Burger chain’s big move = Opportunity
Steve’s breakdown: And we mean that literally. White Castle is moving its headquarters. They will still be in Columbus but now with visions of wonder of a better life so we think it’s a great time to congratulate them. Their creative tag line is “Bold Move” and I don’t think that’s a coincident but it doesn’t really sell.
COLUMBUS, OH: White Castle’s future headquarters is to be a sharp departure from the distinctive, porcelain-steel-style building that has been the burger chain’s home for decades.
White Castle unveiled renderings on Tuesday of its planned $65 million redevelopment of its Columbus headquarters. It shows a campus that includes a new company headquarters, a second office building and several apartment buildings on the 15-acre site.
The plans as presented to the Downtown Commission also call for a community center and a small park with amphitheater seating on the property at 555 W. Goodale St.
“Columbus has been home to White Castle for 83 years, and we couldn’t be happier to announce our recommitment,” said White Castle President and CEO Lisa Ingram.
The Columbus City Council voted a month ago to create a tax-increment financing district to benefit the project, which is to house the fast-food company’s 220 full-time workers and accommodate possible expansion. The tax deal, commonly called a TIF, would allow the company to make service payments into a fund that would pay for infrastructure for 30 years, in lieu of paying property taxes to the city during that time. Under the deal, the Columbus school district would continue to get its share of tax revenue from the property.
White Castle said in a statement that the project is contingent on final approval of incentives by JobsOhio, the state’s privatized economic-development organization.
The community center next to the new headquarters would be open for use by local nonprofit organizations, company officials told commissioners.
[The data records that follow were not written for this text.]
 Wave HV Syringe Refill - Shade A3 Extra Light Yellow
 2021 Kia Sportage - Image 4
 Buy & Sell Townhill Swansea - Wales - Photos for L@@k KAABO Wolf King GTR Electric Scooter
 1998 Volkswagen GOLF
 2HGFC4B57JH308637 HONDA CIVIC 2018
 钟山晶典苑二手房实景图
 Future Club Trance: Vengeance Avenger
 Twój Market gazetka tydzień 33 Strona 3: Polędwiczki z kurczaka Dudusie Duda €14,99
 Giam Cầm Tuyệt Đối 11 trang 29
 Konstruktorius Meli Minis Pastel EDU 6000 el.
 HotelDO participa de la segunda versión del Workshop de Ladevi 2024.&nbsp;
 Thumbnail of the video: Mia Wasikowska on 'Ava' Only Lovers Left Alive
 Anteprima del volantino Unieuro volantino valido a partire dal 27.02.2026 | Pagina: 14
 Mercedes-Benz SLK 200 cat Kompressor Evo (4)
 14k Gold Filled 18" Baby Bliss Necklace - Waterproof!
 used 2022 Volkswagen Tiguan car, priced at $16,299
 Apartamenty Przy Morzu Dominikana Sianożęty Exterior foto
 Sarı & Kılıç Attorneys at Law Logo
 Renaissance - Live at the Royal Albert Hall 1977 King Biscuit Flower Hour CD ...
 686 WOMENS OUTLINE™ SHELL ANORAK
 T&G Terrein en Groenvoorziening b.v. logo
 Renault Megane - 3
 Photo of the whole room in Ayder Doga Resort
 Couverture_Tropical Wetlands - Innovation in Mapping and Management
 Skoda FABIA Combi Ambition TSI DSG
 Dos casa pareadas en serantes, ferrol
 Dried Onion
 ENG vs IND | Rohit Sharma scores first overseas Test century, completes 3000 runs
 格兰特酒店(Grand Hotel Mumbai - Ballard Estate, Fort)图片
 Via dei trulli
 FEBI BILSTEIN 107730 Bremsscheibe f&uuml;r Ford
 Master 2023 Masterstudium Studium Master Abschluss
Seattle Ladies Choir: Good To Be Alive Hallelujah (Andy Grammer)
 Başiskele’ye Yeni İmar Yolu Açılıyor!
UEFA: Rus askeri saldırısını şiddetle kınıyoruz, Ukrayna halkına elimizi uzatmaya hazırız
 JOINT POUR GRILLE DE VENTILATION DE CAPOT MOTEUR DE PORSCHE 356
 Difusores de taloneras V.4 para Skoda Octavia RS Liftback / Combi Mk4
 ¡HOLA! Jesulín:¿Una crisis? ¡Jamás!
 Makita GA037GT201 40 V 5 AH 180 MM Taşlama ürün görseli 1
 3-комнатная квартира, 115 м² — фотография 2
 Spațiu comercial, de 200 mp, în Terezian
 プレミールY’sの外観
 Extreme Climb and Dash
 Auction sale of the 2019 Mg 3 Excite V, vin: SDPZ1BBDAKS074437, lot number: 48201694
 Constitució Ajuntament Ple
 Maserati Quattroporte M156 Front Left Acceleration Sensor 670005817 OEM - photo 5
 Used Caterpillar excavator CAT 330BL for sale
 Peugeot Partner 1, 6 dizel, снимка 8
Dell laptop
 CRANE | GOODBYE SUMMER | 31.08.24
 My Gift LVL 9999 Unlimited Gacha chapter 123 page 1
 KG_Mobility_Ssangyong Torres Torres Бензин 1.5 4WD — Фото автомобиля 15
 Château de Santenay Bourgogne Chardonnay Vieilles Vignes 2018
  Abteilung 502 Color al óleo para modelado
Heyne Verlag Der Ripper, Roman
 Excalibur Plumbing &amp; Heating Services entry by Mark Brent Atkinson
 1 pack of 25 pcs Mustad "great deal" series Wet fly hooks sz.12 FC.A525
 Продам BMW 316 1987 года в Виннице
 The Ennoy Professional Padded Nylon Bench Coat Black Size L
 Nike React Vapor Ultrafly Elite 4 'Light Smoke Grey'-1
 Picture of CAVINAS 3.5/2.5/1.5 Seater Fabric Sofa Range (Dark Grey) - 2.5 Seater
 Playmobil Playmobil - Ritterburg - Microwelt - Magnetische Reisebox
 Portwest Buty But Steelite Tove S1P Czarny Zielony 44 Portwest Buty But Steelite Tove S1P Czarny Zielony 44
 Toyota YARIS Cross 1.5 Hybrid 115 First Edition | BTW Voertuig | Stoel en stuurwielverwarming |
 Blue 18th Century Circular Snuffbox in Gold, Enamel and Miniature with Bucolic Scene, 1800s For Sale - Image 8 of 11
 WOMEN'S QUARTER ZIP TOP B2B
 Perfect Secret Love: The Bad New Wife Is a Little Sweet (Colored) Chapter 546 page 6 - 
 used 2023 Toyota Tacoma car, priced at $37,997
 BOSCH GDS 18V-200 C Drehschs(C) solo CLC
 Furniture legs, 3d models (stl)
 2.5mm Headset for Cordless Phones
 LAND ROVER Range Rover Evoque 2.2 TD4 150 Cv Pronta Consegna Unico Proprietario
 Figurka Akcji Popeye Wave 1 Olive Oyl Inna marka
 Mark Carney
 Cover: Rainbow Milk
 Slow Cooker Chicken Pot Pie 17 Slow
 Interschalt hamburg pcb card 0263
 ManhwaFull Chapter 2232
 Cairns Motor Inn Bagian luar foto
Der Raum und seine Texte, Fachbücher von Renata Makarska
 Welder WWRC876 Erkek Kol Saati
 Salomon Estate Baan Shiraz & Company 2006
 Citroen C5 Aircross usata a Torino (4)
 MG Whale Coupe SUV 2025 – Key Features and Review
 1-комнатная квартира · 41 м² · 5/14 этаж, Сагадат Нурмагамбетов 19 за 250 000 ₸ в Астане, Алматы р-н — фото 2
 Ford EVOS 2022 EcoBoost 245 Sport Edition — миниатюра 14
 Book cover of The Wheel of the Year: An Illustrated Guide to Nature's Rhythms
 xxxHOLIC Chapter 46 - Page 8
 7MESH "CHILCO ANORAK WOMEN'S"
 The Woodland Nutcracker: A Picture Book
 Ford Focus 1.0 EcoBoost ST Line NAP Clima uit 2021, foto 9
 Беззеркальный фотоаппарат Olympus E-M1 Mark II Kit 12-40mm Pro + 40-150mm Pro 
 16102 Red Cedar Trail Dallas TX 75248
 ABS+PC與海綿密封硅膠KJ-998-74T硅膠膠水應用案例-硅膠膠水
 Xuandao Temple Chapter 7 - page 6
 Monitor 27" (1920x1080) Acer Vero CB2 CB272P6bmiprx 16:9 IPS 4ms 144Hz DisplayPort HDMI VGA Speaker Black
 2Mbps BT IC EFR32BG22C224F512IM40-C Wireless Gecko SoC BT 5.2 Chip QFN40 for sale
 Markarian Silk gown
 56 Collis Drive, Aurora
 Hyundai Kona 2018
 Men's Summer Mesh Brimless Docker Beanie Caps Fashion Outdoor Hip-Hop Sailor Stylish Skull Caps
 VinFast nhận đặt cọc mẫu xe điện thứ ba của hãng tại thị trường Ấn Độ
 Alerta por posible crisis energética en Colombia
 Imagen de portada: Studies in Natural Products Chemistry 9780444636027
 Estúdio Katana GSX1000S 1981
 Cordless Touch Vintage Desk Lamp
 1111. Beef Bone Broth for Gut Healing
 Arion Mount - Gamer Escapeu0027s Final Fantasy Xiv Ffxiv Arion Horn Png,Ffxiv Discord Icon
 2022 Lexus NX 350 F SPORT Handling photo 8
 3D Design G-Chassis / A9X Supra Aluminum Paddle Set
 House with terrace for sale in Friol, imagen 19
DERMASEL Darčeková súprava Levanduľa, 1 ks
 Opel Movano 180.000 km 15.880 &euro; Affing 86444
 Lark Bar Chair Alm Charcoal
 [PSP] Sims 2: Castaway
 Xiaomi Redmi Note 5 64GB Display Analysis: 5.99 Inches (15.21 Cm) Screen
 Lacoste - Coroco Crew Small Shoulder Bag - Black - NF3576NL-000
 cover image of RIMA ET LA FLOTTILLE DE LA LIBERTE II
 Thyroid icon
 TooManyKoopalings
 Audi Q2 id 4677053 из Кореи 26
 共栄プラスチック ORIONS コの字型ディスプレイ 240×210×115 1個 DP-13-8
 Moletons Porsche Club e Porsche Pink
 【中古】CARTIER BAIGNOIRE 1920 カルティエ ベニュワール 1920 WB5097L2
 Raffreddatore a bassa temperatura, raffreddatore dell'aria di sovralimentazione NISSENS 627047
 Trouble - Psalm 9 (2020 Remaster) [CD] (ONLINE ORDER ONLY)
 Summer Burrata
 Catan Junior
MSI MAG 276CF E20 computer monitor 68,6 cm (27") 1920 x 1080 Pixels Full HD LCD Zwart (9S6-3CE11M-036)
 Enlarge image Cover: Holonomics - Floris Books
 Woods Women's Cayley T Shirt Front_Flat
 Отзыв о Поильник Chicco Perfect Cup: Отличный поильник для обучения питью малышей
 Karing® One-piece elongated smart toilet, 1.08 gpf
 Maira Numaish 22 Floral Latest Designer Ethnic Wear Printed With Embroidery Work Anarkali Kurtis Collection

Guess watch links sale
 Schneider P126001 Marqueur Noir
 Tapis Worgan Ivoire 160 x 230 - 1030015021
The new White Castle headquarters would be built first, company officials told the commission. The current headquarters is to remain in use until the new offices are ready to move into.
Other elements would be added based on market demand, White Castle representatives said. Details have not been completed for the 300 planned apartment units that are to eventually be built. The company plans to “keep a close eye on the market” to assess the mix of units and amenities that would be built, company spokesman Jamie Richardson said.
Two commissioners waxed wistful about the current White Castle headquarters, built in the 1930s in the style of its restaurants. It is to be razed as part of the project.
Commission member Robert Loversidge of Schooley Caldwell Architects urged company representatives to incorporate a reference to the classic White Castle building style in its new project, possibly by re-creating one of the company’s classic buildings next to the headquarters.
Richardson said the company plans to “give a nod” to the icons of the White Castle brand at its new campus while providing a more updated, modern work space. He said no decision had been made about whether that might include structures and memorabilia open to the public on the property.